======== Material provided

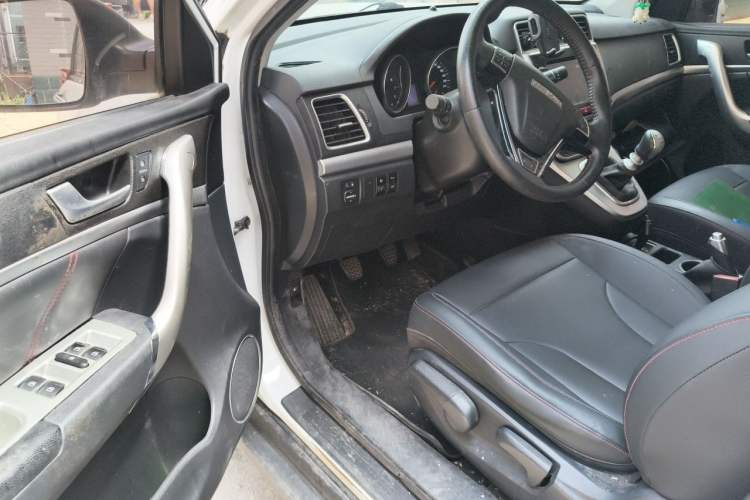 Used Haval M6 2019 1.5T Manual Two-Wheel Drive Elite Version China VI Standard Driver Seat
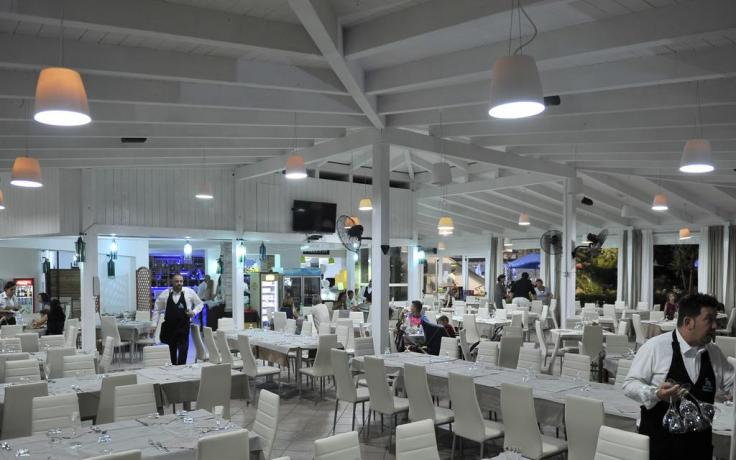 Resort con sala ristorante a Baia Domizia-Campania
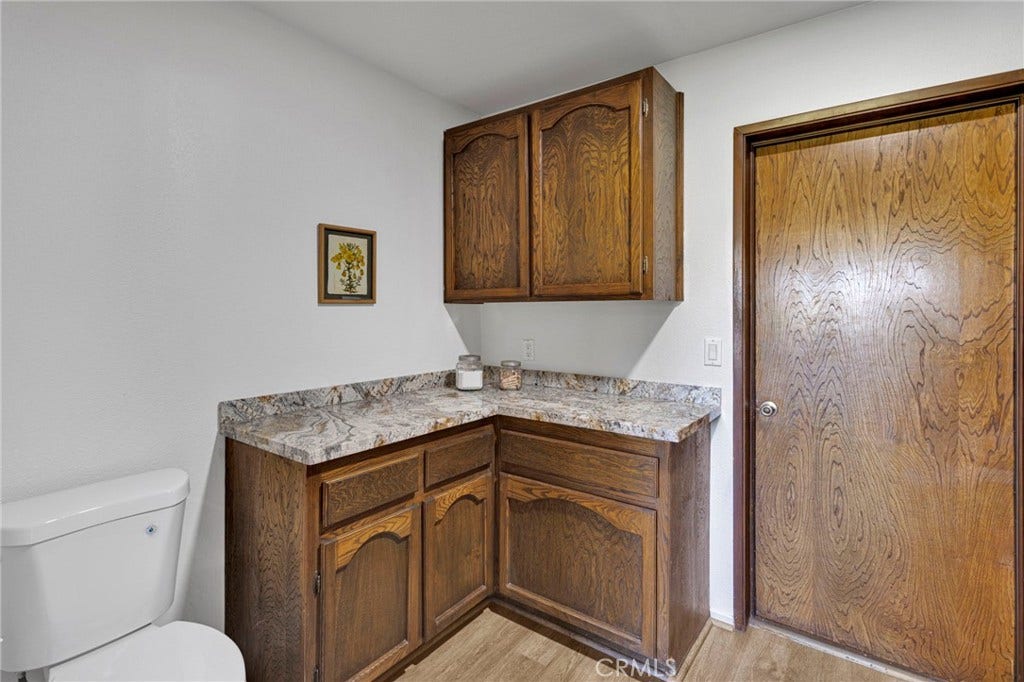 12572 Coronado Lane, Victorville, CA 92395 Half Bath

================

Assignment: Without including any pictures, reproduce the listing exactly.

Task response:
 Used Haval M6 2019 1.5T Manual Two-Wheel Drive Elite Version China VI Standard Driver Seat
 Resort con sala ristorante a Baia Domizia-Campania
 12572 Coronado Lane, Victorville, CA 92395 Half Bath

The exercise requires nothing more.